Crawled caption data:
━━━━━━━━━━
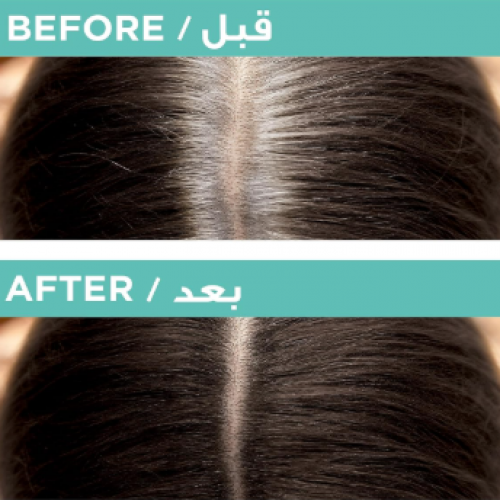 لوريال باريس ماجيك ريتوتش ، خافي عيوب فورية ، بني غامق لوريال باريس ماجيك ريتوتش ، خافي عيوب فورية ، بني غامق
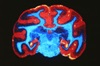 Brain scan image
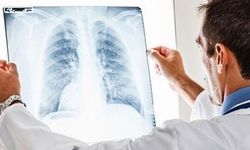 "Havaların soğumasıyla zatürre vakaları artıyor"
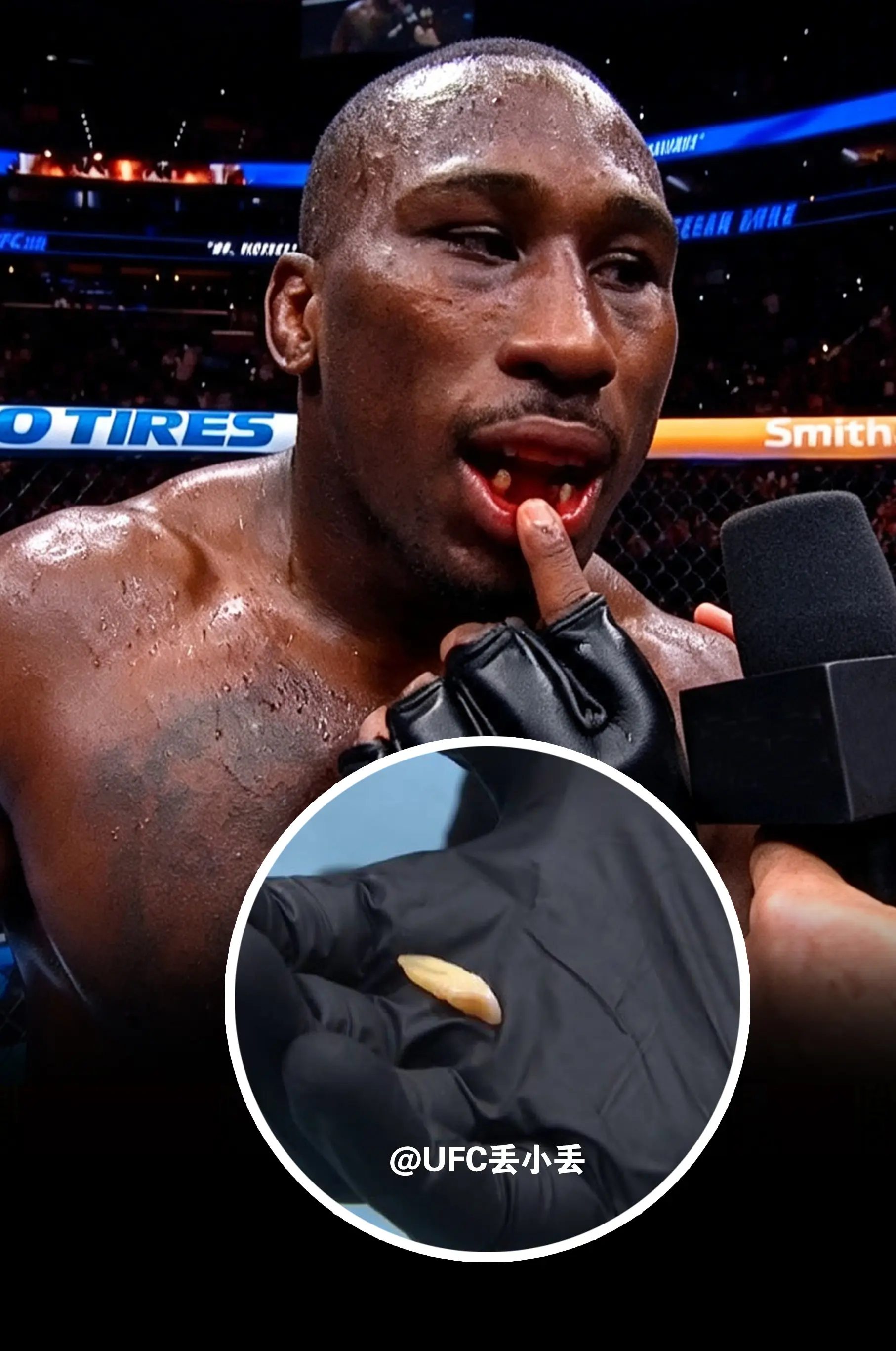 UFC330。这兄弟赢了比赛，可惜掉了一颗牙！可想ufc的强度有多高！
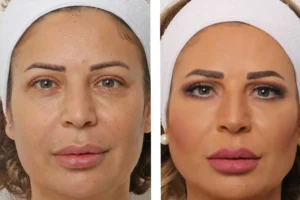 هل شد الوجه في دبي هو الخيار الأمثل لتجديد شبابك؟
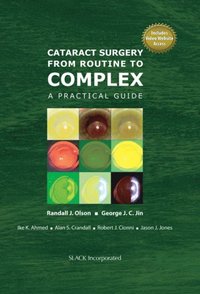 Cataract Surgery from Routine to Complex (e-bok)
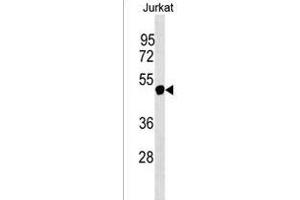 Western Blotting (WB) image for anti-Nuclear RNA Export Factor 5 (NXF5) (AA 53-80), (N-Term) antibody (ABIN1539447)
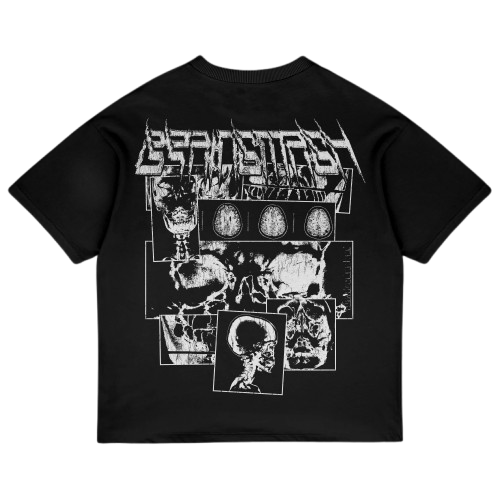 X-RAY TEE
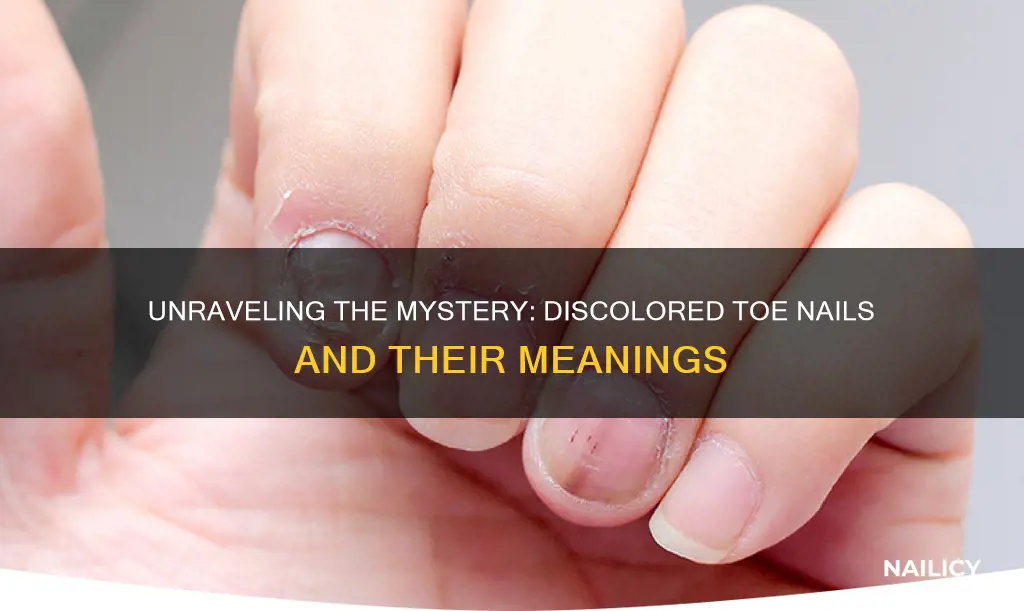 what does discoloured toe nails mean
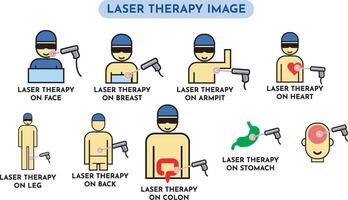 Laser- medizinisch Therapie vektor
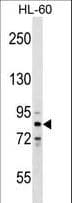 Polyclonal Rabbit anti-Human ZNF224 Antibody (aa127-155, WB)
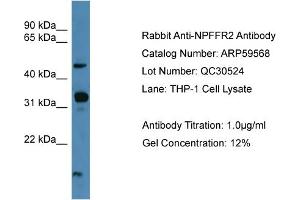 WB Suggested Anti-NPFFR2  Antibody Titration: 0. (NPFFR2 抗体  (C-Term))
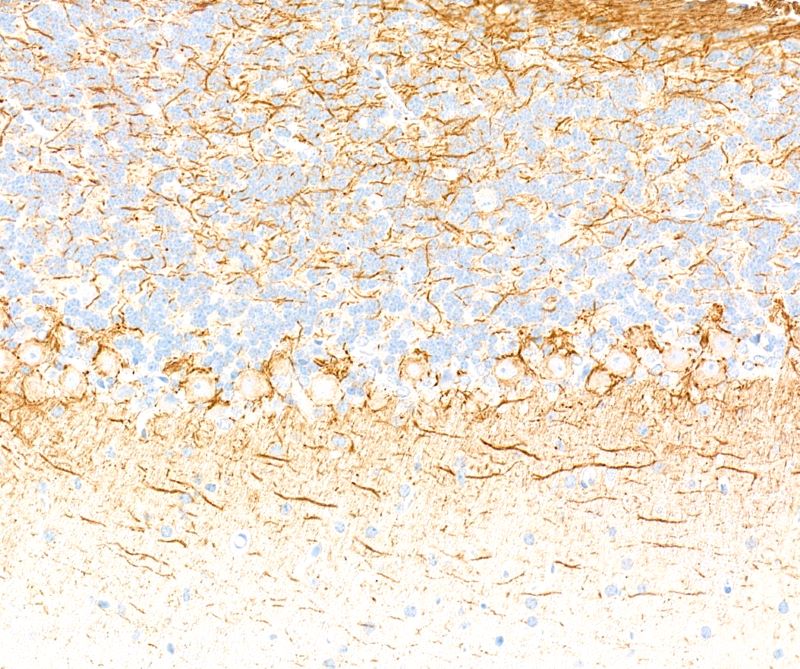 Immunohistochemistry (Formalin/PFA-fixed paraffin-embedded sections) - Anti-Neurofilament-L antibody [BLR224K] - BSA free (AB314079), expandable thumbnail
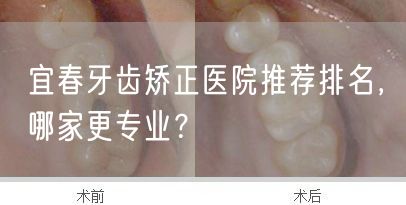 宜春牙齿矫正医院推荐排名，哪家更专业？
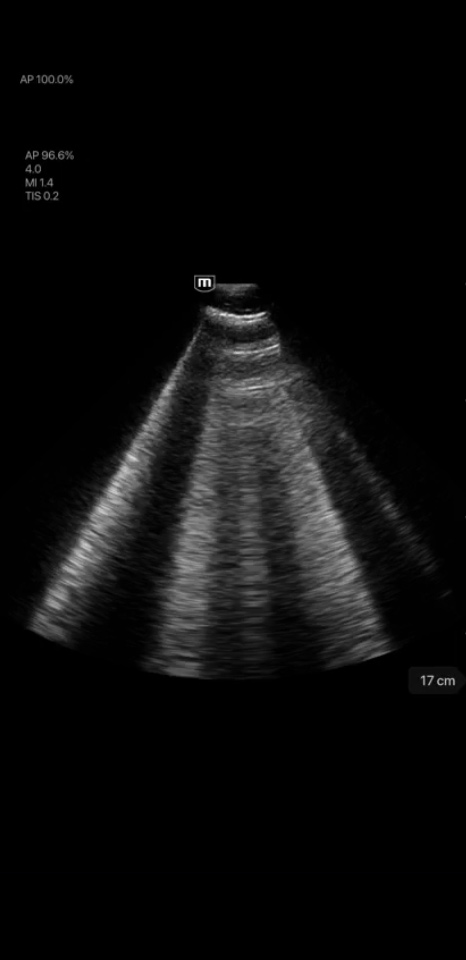 Ligne B pulmonaire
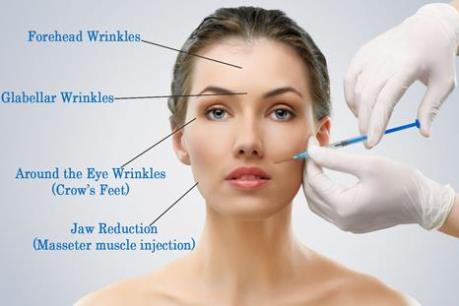 Cảnh báo hậu quả của tự tiêm Botulinum Toxin A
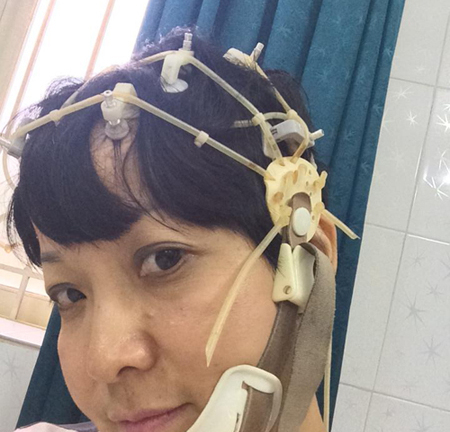 MC Thảo Vân uống thuốc thần kinh để khôi phục trí nhớ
━━━━━━━━━━
◆ **WHAT IS REQUIRED**
Give back all the records as they stand, but with no pictures in the copy.

◆ **ANSWER TO THE PROBLEM**
 لوريال باريس ماجيك ريتوتش ، خافي عيوب فورية ، بني غامق لوريال باريس ماجيك ريتوتش ، خافي عيوب فورية ، بني غامق
 Brain scan image
 "Havaların soğumasıyla zatürre vakaları artıyor"
 UFC330。这兄弟赢了比赛，可惜掉了一颗牙！可想ufc的强度有多高！
 هل شد الوجه في دبي هو الخيار الأمثل لتجديد شبابك؟
 Cataract Surgery from Routine to Complex (e-bok)
 Western Blotting (WB) image for anti-Nuclear RNA Export Factor 5 (NXF5) (AA 53-80), (N-Term) antibody (ABIN1539447)
 X-RAY TEE
 what does discoloured toe nails mean
 Laser- medizinisch Therapie vektor
 Polyclonal Rabbit anti-Human ZNF224 Antibody (aa127-155, WB)
 WB Suggested Anti-NPFFR2  Antibody Titration: 0. (NPFFR2 抗体  (C-Term))
 Immunohistochemistry (Formalin/PFA-fixed paraffin-embedded sections) - Anti-Neurofilament-L antibody [BLR224K] - BSA free (AB314079), expandable thumbnail
 宜春牙齿矫正医院推荐排名，哪家更专业？
 Ligne B pulmonaire
 Cảnh báo hậu quả của tự tiêm Botulinum Toxin A
 MC Thảo Vân uống thuốc thần kinh để khôi phục trí nhớ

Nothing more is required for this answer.